(Work instructions)
From the line containing "Borsa VLTN p750" to the line containing "The North Face The" in the records below, set down every line exactly as it stands, both ends included, and skip the pictures.
Top of Source material
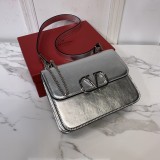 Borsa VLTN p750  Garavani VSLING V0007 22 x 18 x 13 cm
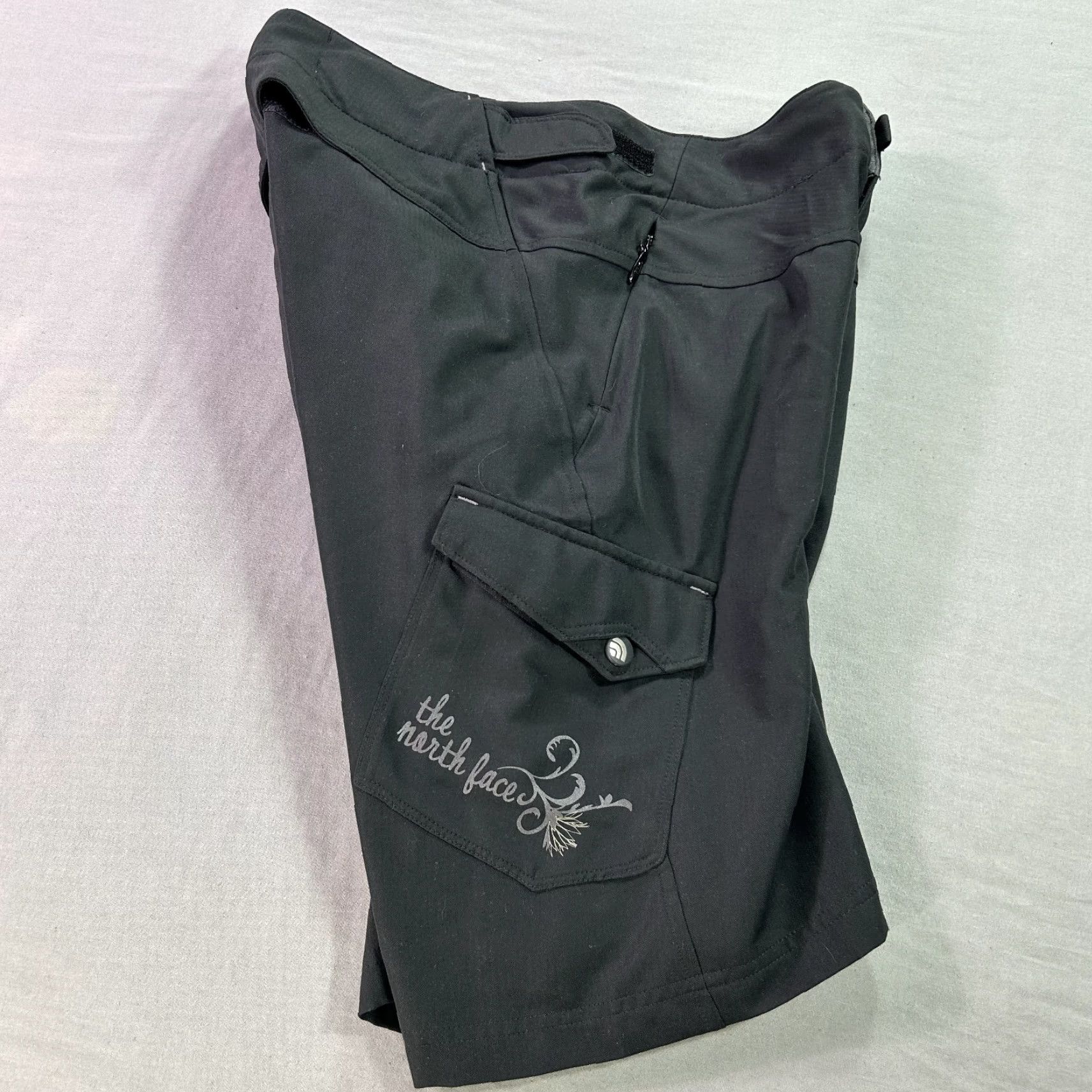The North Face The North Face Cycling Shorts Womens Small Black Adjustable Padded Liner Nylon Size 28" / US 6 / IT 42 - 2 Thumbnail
Bottom of Source material
Top of Source material
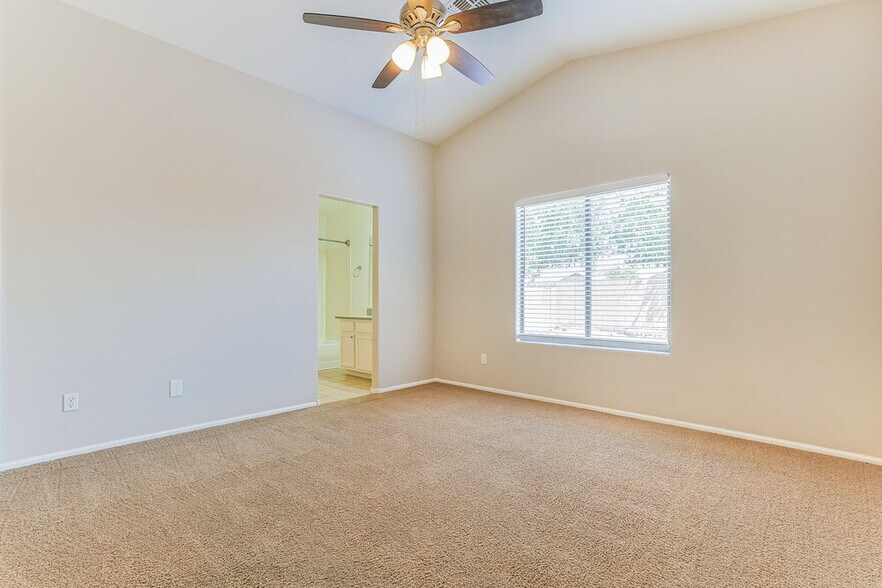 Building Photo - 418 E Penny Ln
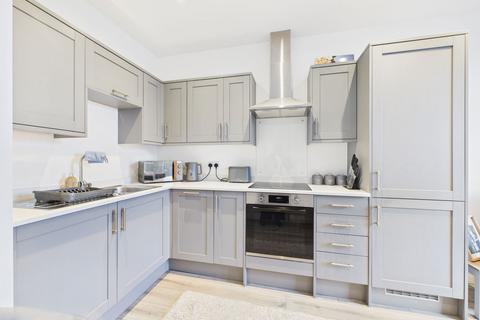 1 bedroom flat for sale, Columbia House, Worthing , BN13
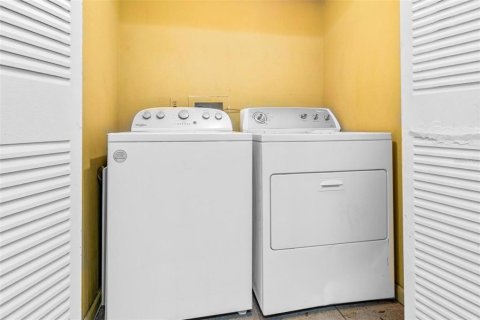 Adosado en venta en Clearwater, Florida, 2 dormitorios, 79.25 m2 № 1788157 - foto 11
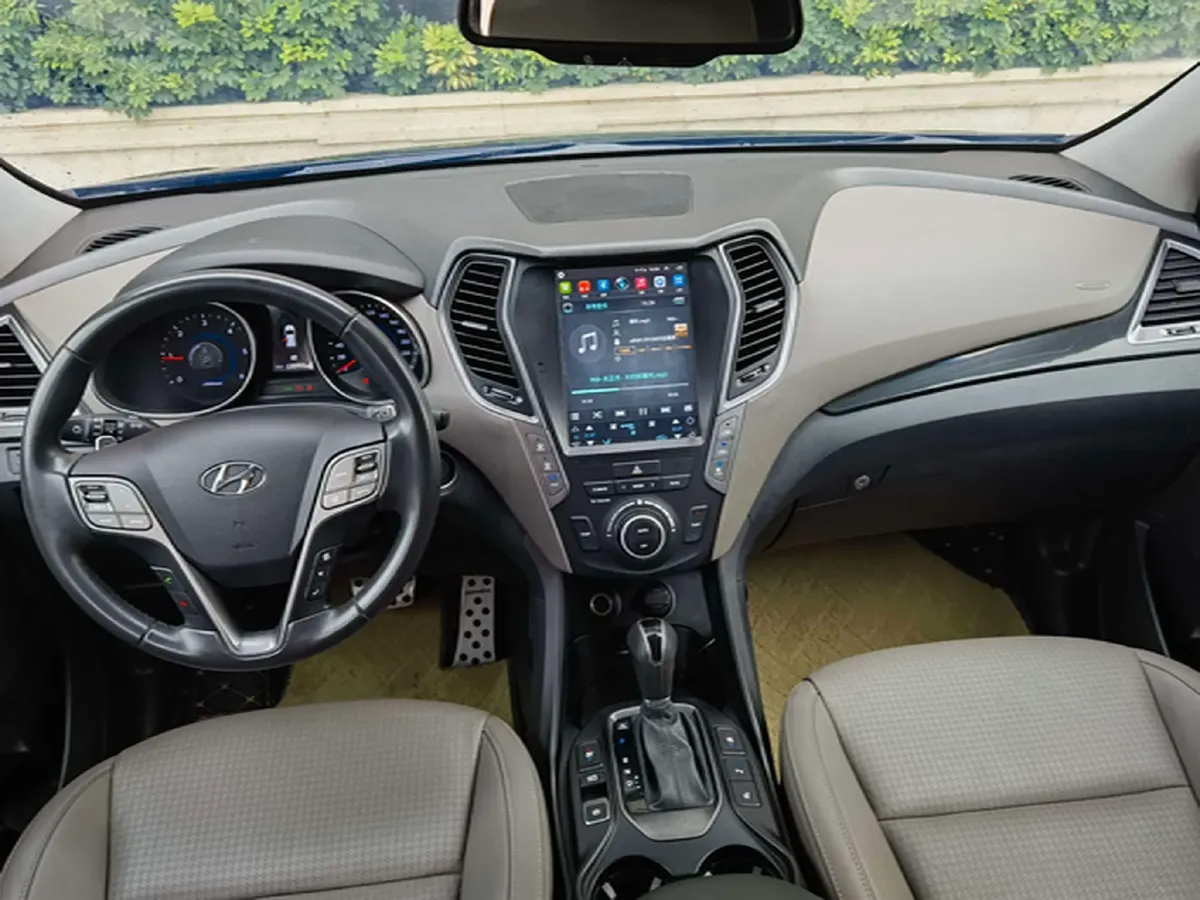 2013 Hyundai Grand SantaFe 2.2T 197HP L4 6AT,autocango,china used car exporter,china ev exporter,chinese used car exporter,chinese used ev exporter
Bottom of Source material
(Task output)
 Borsa VLTN p750  Garavani VSLING V0007 22 x 18 x 13 cm
The North Face The North Face Cycling Shorts Womens Small Black Adjustable Padded Liner Nylon Size 28" / US 6 / IT 42 - 2 Thumbnail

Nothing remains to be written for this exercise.